2. What drew you to the position? Was there something particular you hoped to accomplish?

I was interested in making the review process for all faculty in the division as fair and perceptive, and as un-discouraging, as possible. As a supporter of all the unions on the campus, I was very much drawn to working on the management side and trying to ensure that the represented workers, the UC_AFT, and the union contracts were treated with respect. I care about the teaching of writing, so the parts of the job that dealt with Reading and Composition mattered to me. I loved the part of the job that involved learning about my faculty co-workers’ work, especially in departments outside my own—in the language departments, in the arts, in philosophy.

3. How did you get involved in the administrative side of the university? What was your path to your current position like?

As I wrote above, I was tapped for it, as I was for the assistant dean of undergraduate advising I did in L&S for ten years. I had been involved in various campuswide projects and committees that I guess brought me to the attention of the people doing the tapping.

4. What do you find most rewarding about your work as a dean? Are there any accomplishments that you are particularly proud of?

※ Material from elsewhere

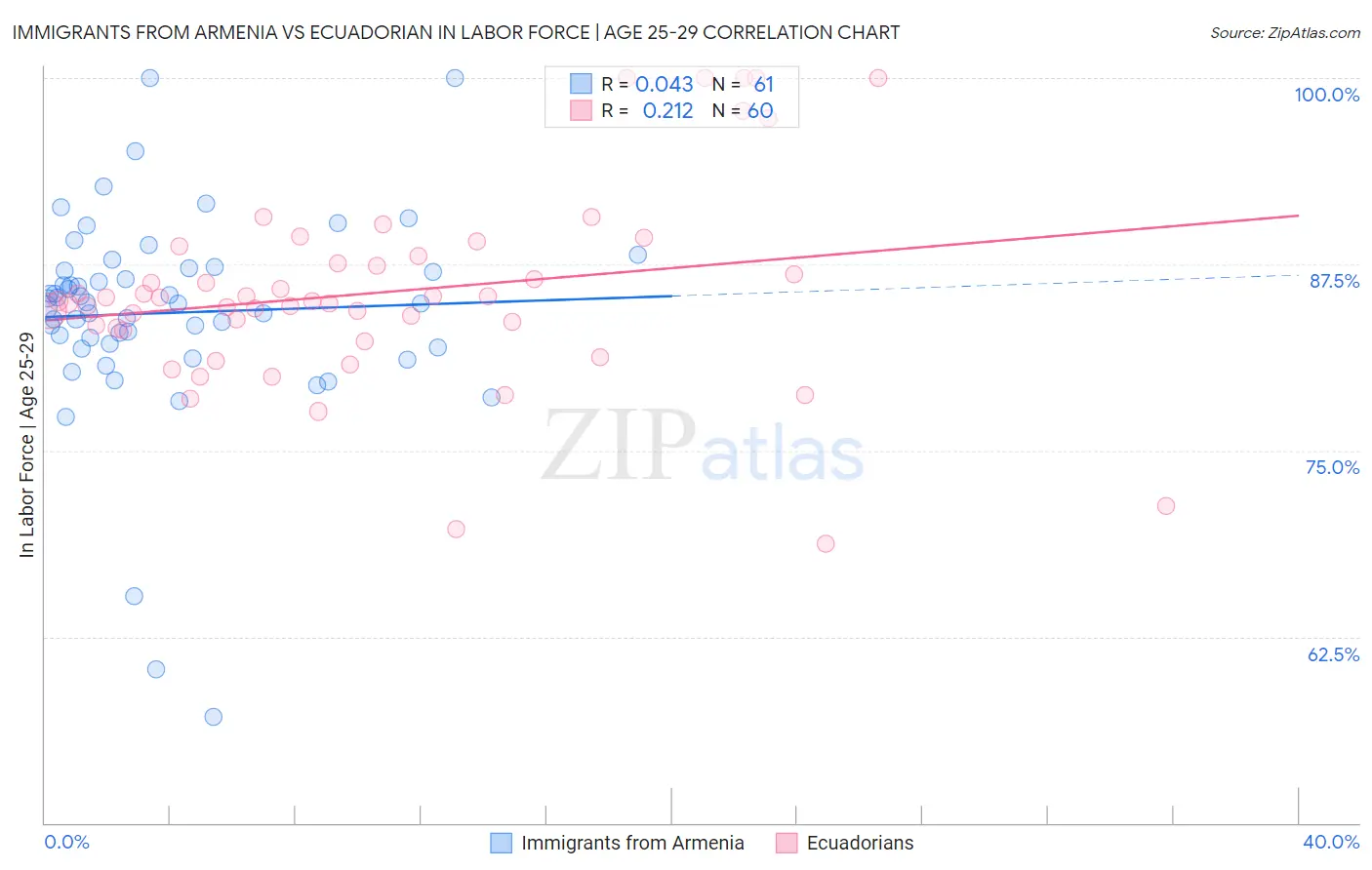 Immigrants from Armenia vs Ecuadorian In Labor Force | Age 25-29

Quiet decisions that made things easier or better for people, whether that involved recognizing and supporting their intellectual and creative work or recognizing their situations and finding ways to support them. Representing “management” from a position of deep respect for the work of unions and labor. Working to support the vital work of the creative arts and the essential perspectives and skills the “humanities” carry. Commitment to “diversity, equity, and inclusion” beyond lip service.

5. During your time in the role, how has the job evolved?

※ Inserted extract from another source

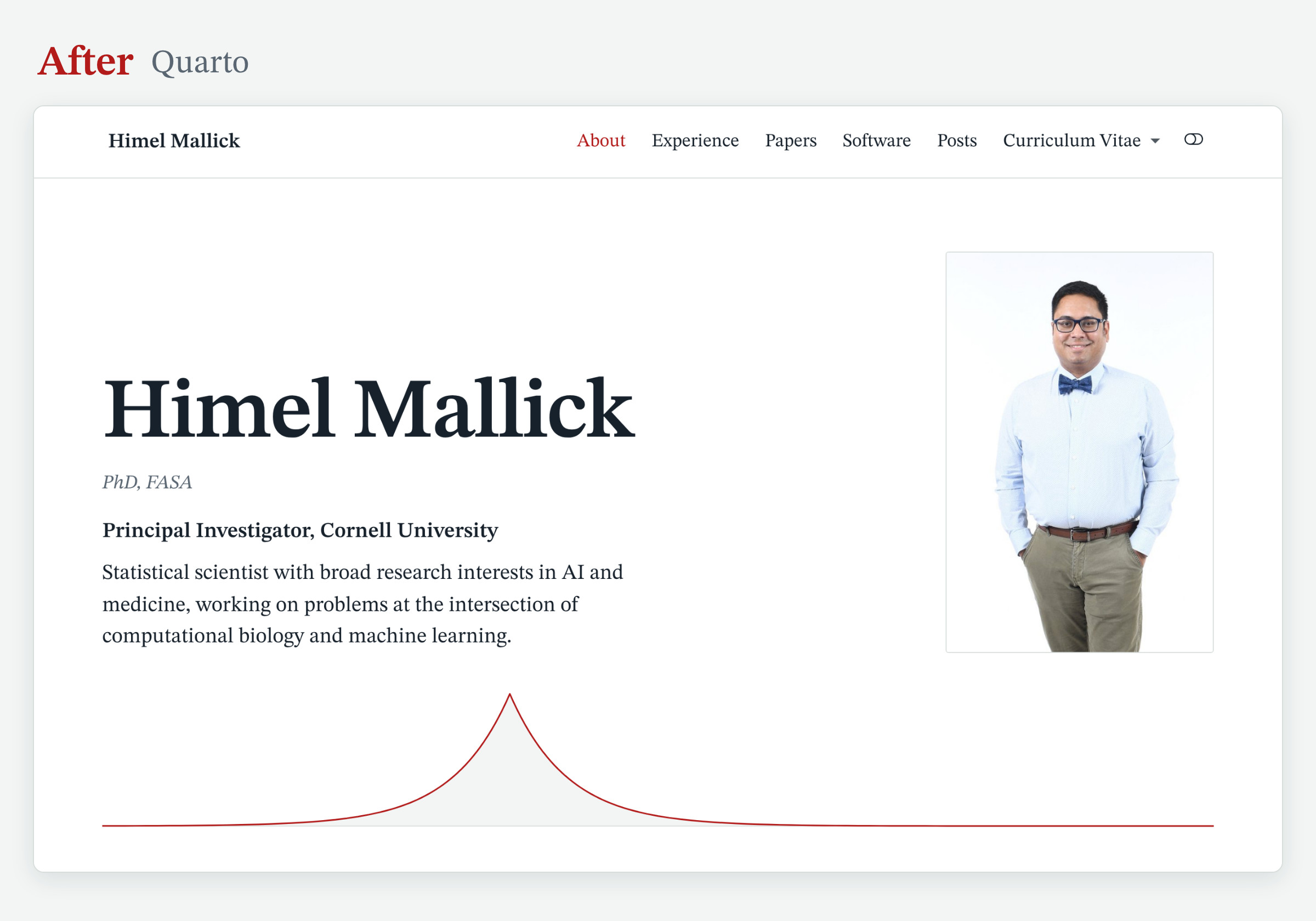 After: the new home page of this site, built with Quarto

It broke into two positions, one largely (but unfortunately only at half-time) devoted to most of what I did, one involving more creative program planning.

6. How does your work as an associate dean intersect and how does it differ from your work as a professor?

Reading file after file on people’s research and teaching drew on and honed all the skills I use as a professor. It was intellectually very gratifying, like being in grad school all over again but in all these different fields. But in many ways, it’s the opposite of the free space of curiosity I experience in my professorial role; in the end, it’s contained by bureaucracy, it’s technical and instrumental. You are a figurehead. You have to be willing to accept that, pragmatically.

7. What advice would you give to undergraduate women who are interested in the administrative side of higher education?

Classically academic jobs are few and far between. At a place like Berkeley, you have to be trained to be a professor (and actually be one) before you are in a position to be an assistant or associate dean. At some other schools, it might be a career path of its own, separately. But I believe you should understand the work of faculty from inside before you move into this level of administration. Working on the administrative side, I got to know staff working in the division and the department much better than I had and realized how many of them are outstanding artists and writers and scholars. There are many staff/administrative tracks that connect with what you value about academia and are vital to the survival of higher education. If you want to stay inside academic culture but can’t find a teaching job, consider applying for a staff position; many of those you can do after finishing a B.A. If you want to work as an associate dean, you’ll probably need to get a PhD and to build up the best record you can of campus-wide committee work.